They should rename the toned figure and UKBFF Bodyfitness classes as The Head F*ck Class" as nobody can accurately predict what they are after in these classes.

The classes seem to be either a hard physique followed by a softer physique then hard, soft, hard, soft or vice versa. The ageing judging panels cannot seem to comprehend what these classes are trying to acheive, the other thing is there does seem to be a high degree of favouritism from what I can see. How does an obviously very soft, underdieted girl admittedly with newly fitted monster implants beat a girl in shape? I love t1ts as much as most men do but I do not for 1 minute think they are a deciding factor in judging a bodybuilding class and neither should the judges.

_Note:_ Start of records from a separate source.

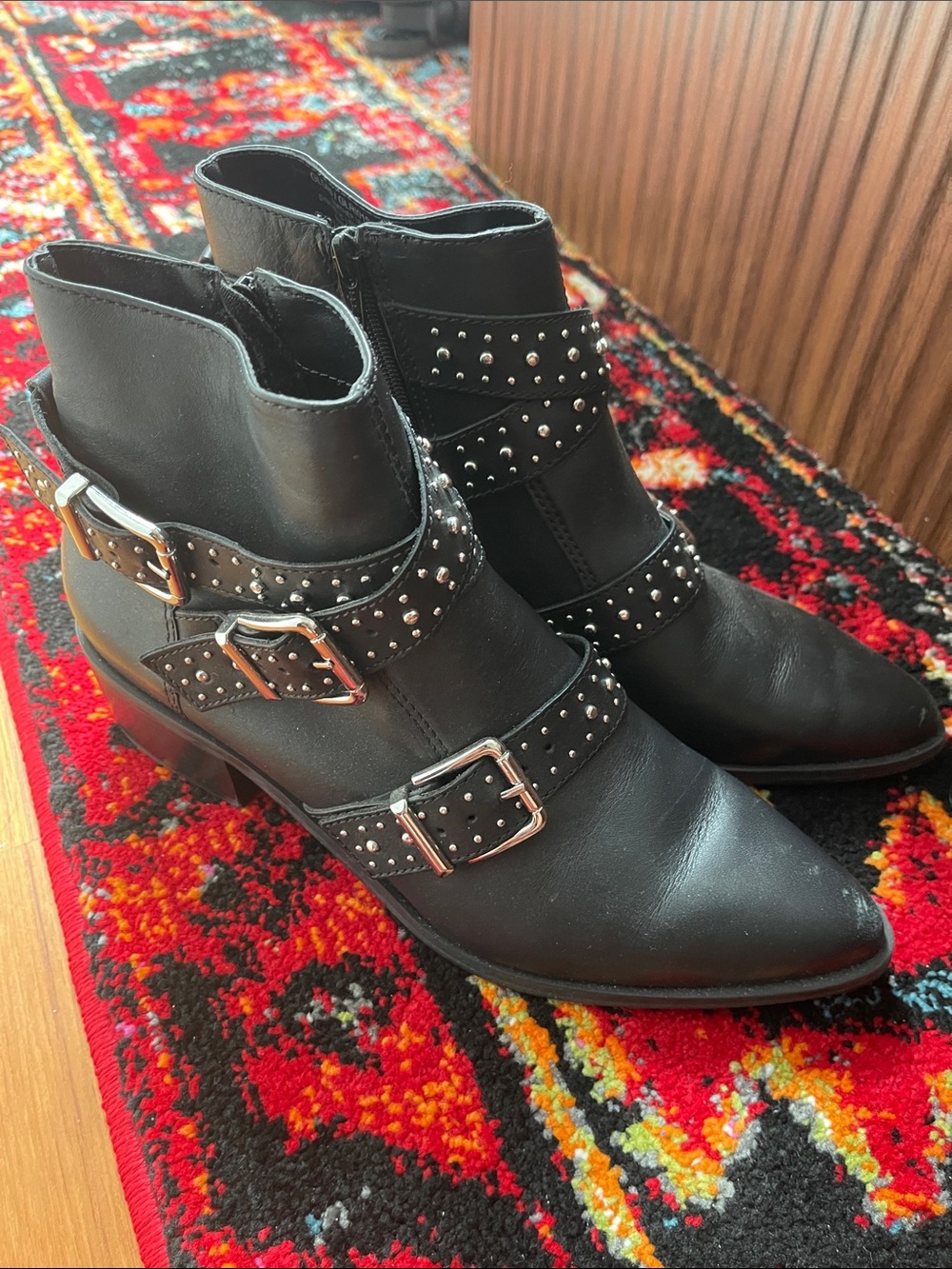 Steve Madden Black Leather Studded Buckle Ankle Booties Size 8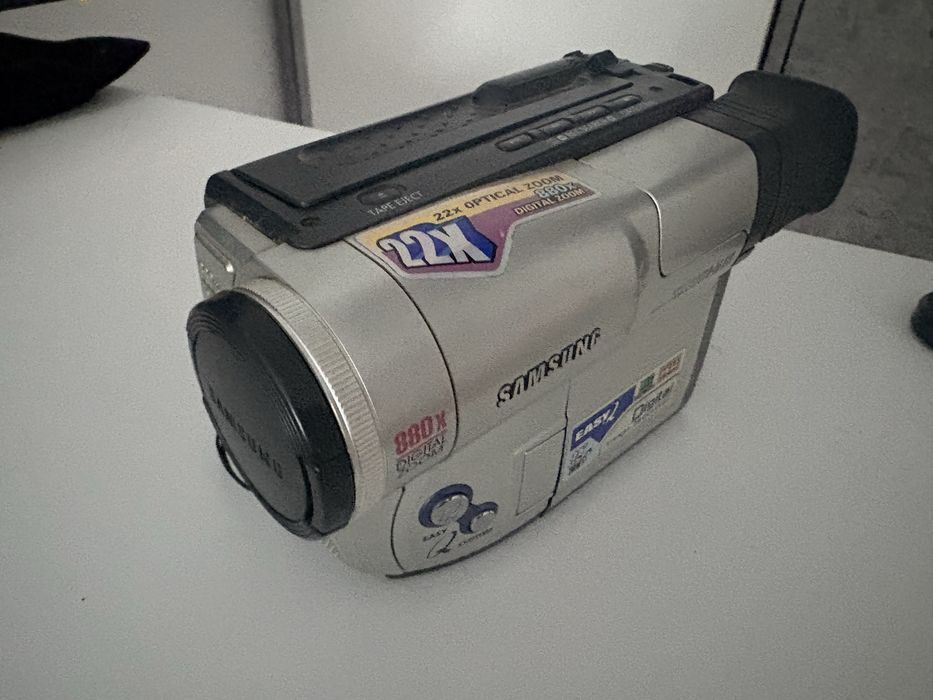 Camere video Sony DCR-TRV110E Digital8 + Samsung VP-D361 MiniDV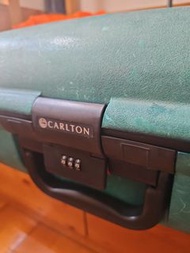 Carlton 綠色硬殼密碼鎖行李箱
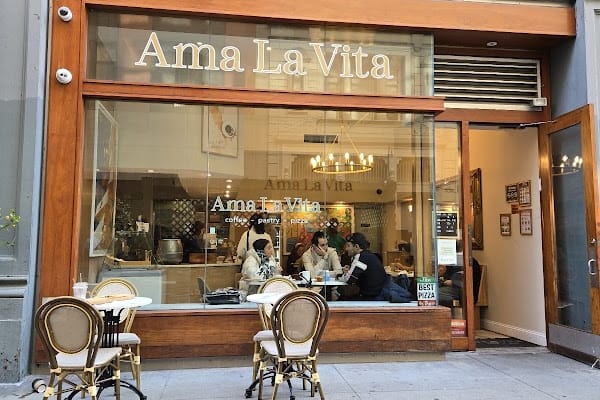 AMA LA VITA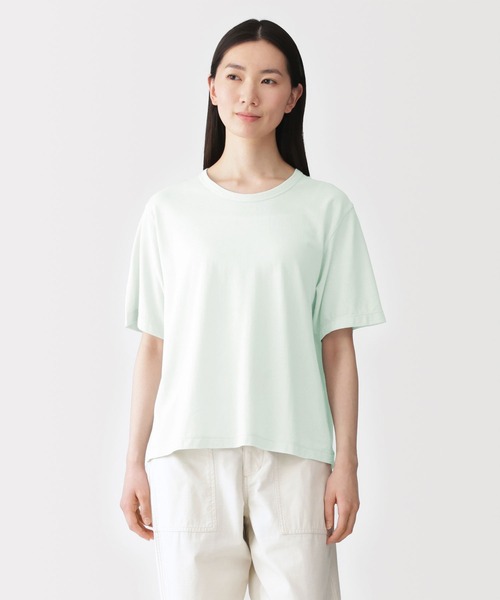 無印良品(ムジルシリョウヒン)の「婦人 強撚天竺編みクルーネック半袖Tシャツ(Tシャツ/カットソー・レディース・ブルー系/ホワイト/ライトブルー/ライトピンク/ブラック・S/M/L/XL)」の2枚目の写真
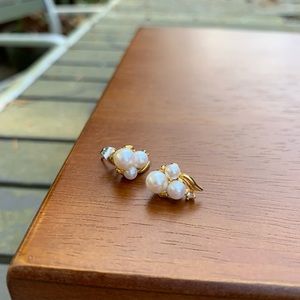 Faux pearl studs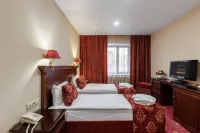 Club Hotel Korona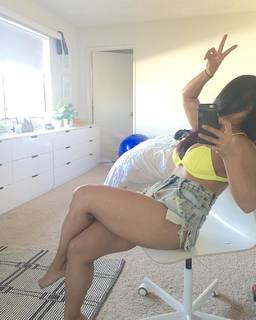 Jess Lizama feet photo 8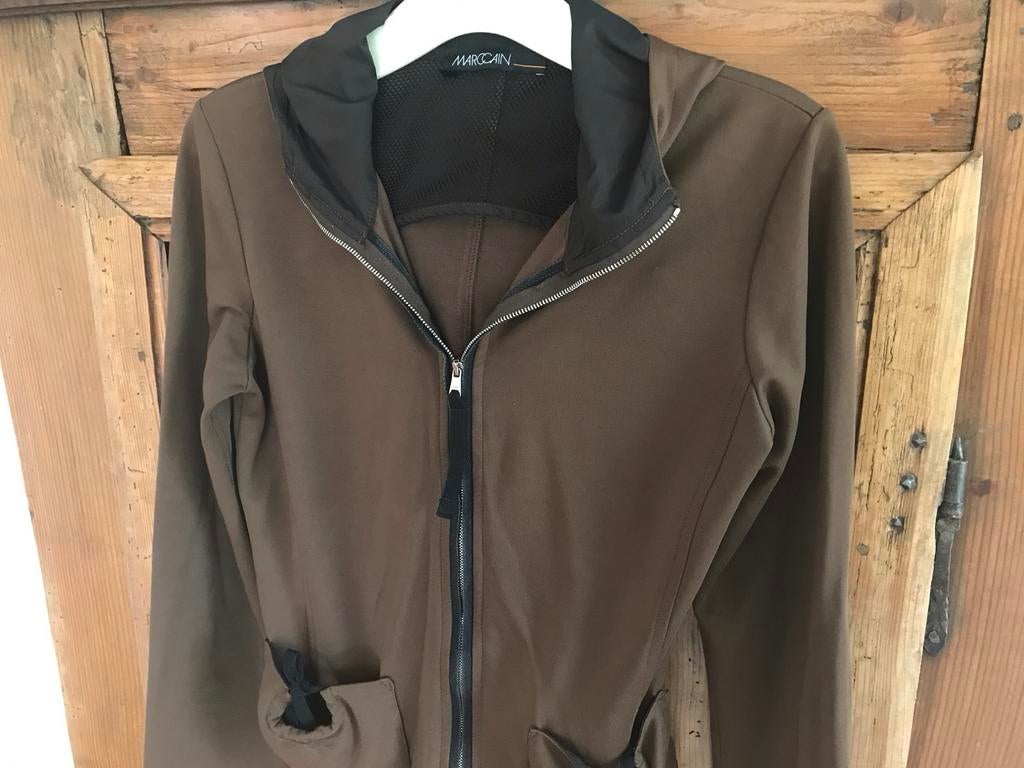 Marccain Bruin Jasje Maat M, Kleding | Dames, Jasjes, Kostuums en Pakken, Gedragen, Jasje, Maat 38/40 (M), Bruin, Ophalen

I think these classes are a good idea to get girls into competing but if the judging remains so inconsistent it wont be long in putting them off again.


----------



## happy haggis

making a right tit of himself again!!!!!


----------



## EXTREME

Avril, I'm gonna confiscate your camera!


----------



## Tall

Isn't that her left one...?



rippedglutes said:


> making a right tit of himself again!!!!!


----------



## Guest

Extreme said:


> They should rename the toned figure and UKBFF Bodyfitness classes as The Head F*ck Class" as nobody can accurately predict what they are after in these classes.
> 
> The classes seem to be either a hard physique followed by a softer physique then hard, soft, hard, soft or vice versa. The ageing judging panels cannot seem to comprehend what these classes are trying to acheive, the other thing is there does seem to be a high degree of favouritism from what I can see. How does an obviously very soft, underdieted girl admittedly with newly fitted monster implants beat a girl in shape? I love t1ts as much as most men do but I do not for 1 minute think they are a deciding factor in judging a bodybuilding class and neither should the judges.
> 
> I think these classes are a good idea to get girls into competing but if the judging remains so inconsistent it wont be long in putting them off again.


well said

i for one have no intention of doing another toned figure class. i may or may not be better suited to it but for the reasons you have written plan to take my chances in the trained class.


----------